The Tribunal went on to find that there was “no well-founded fear of persecution for any convention reason or combination of reasons now or in the reasonably foreseeable future if the applicant returned to PNG”. Therefore he did not satisfy the requirements of the convention criteria.
Similarly, the Tribunal went on to find that there is “not a real chance that the applicant will suffer any serious harm… if he were to be removed to PNG”.
Grounds of this Application
In both the original application, and the amended application, the Applicant relies on the following “grounds”. Even a casual perusal would show that they are not all truly “grounds”. They are as follows:-
“1. The Respondent made findings that:
(a) the Applicant is a credible witness;
(b) accepted that the Applicant is:
(i) a political activist campaigning against corruption and misconduct in Papua New Guinea (PNG);
-government;
-police
(ii) an on-line blogger publically campaigning against corruption and misconduct in the PNG government and PNG police;
(iii) has published a lot of online commentary critical of PNG corruption and misconduct;
(iv) is a vocal and passionate advocate;
(v) is not a journalist.
(c) PNG government:
(i) has created a threatening environment for users of social media critical of the government;
(ii) hardening attitude of the PNG government towards:
-not only journalists;
-but also online political activists, such as the Applicant
(d) as to public protest in PNG:
(i) there is violence by police beatings or protesters;
(ii) the Applicant:
-attended protests in PNG;
-organised protests in PNG;
-by on-line means arranging protests in 2012 and another in 2013 where protesters were injured by police in 2013;
(e) Dr Logan’s material in support of the Applicant:
(i) was credible;
(ii) the Applicant’s on-line media was the first and third largest on PNG politics;
(iii) the PNG had drafted the NICT Act and had a 2014 cyber crime police to be used against on-line activities;
(iv) the PNG government had created a threatening environment for users of social media particularly those who are critical of the government including the Applicant;
(v) the Applicant is at risk of harm if he returned to PNG;
(f) accepted the applicant has a genuine subjective fear of returning to Papua New Guinea.
2. The Applicant’s claim is required to be assessed as a PNG citizen against PNG for the purposes of the Convention in s.36(2)(a) and as the receiving country for the purposes of the complementary protection obligations in s.36(2)(aa).

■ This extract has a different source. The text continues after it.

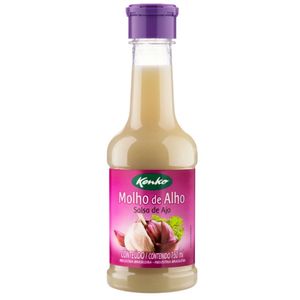 Molho de Alho Kenko Frasco 150ml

3. The Respondent erred by finding it was not satisfied on the evidence before it that there is a real chance the Applicant will face persecution from the Ministers or persons at the behest of the Ministers due to the applicant’s political opinion opposed to corruption and police misconduct.
4. The Respondent erred in finding that all of the country information regarding journalists is of limited relevance to the applicant given he does not regard himself as a journalist.
5. The Respondent erred by creating an impermissible and artificial distinction between journalists and on-line bloggers.
6. The Respondent erred by
(a) by restricting Article 1A(2) to a particular social group or political opinion to journalists;
(b) by excluding from Article 1A(2) a blogger and administrator of a Facebook page about politics in Papua New Guinea regarding the topics of corruption and police misconduct.
7. There was no evidence that indicated the Ministers or the Papua New Guinea government generally are not targeting online political activists such as the Applicant for serious harm of any nature either through engaging corrupt police, thugs or supporters.
8. The Respondent erred in not being satisfied on the evidence before it that there is a real chance the applicant will face persecution from the Ministers or persons at the behest of the Ministers due to the applicant’s political opinion opposed to corruption and police misconduct.
9.The Respondent did not consider whether there is a real chance the Applicant will face persecution from the Police or persons at the behest of the Police due to the applicant’s political opinion opposed to corruption and police misconduct.
10. The Respondent did not consider whether there is a real chance the Applicant will face persecution from the Police or persons at the behest of the Police due to the applicant’s participation in protests and organizing protests.
11. The decision of the Respondent was made against all of the evidence which was one demonstrating that the Applicant faced serious harm from persecution by PNG Ministers and PNG police for his political beliefs and political activities as a blogger if he returned to PNG.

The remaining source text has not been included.